Exercise objective
Exact transcription, pictures omitted: begin at the top line of the records below and end with the line bearing "Colors burst in".

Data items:
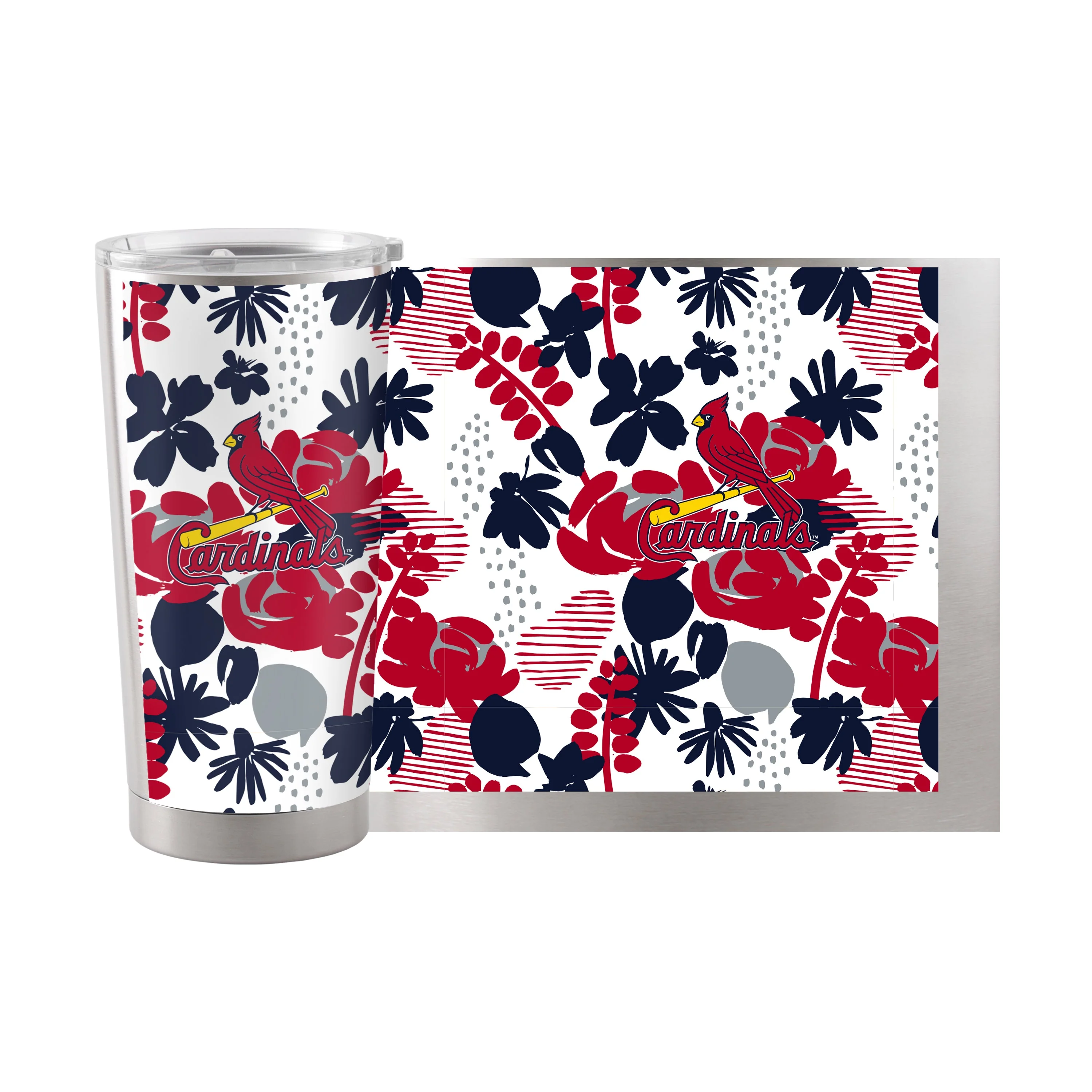 St Louis Cardinals 20oz Floral Stainless Steel Tumbler - Image 2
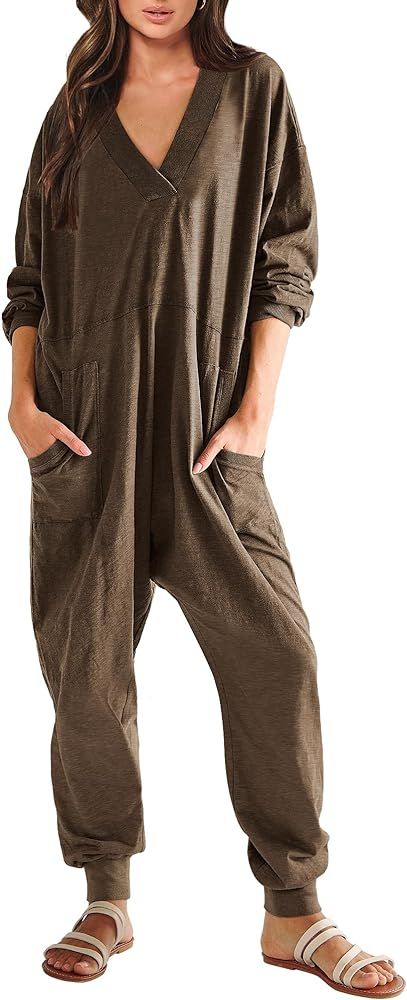 ANRABESS Women's Casual Loose Jumpsuits Long Sleeve V Neck Rompers Baggy Overalls Lounge Pajamas ... | Amazon (US)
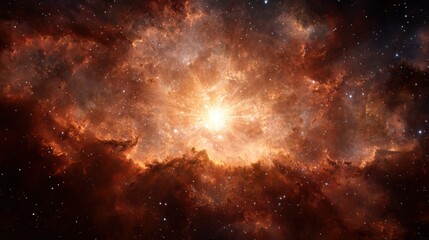 Colors burst in a star-forming region of space during an explosion of new stars in the vast universe captured through advanced telescopes in the 21st century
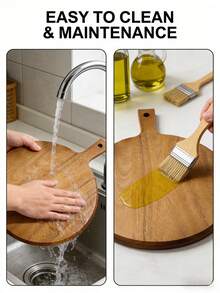 1PC Premium Acacia Wood Serving & Cutting Board With Handle, Cheese & Charcuterie Board, Easy Clean Fruit Board, Great As Mother's Day Gift & Festival Present - Camel - View 4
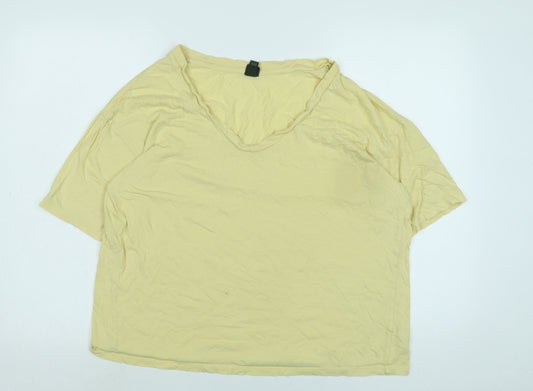 WILD FABLE Womens Yellow Cotton Basic T-Shirt Size XS V-Neck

Response area
 St Louis Cardinals 20oz Floral Stainless Steel Tumbler - Image 2
 ANRABESS Women's Casual Loose Jumpsuits Long Sleeve V Neck Rompers Baggy Overalls Lounge Pajamas ... | Amazon (US)
 Colors burst in a star-forming region of space during an explosion of new stars in the vast universe captured through advanced telescopes in the 21st century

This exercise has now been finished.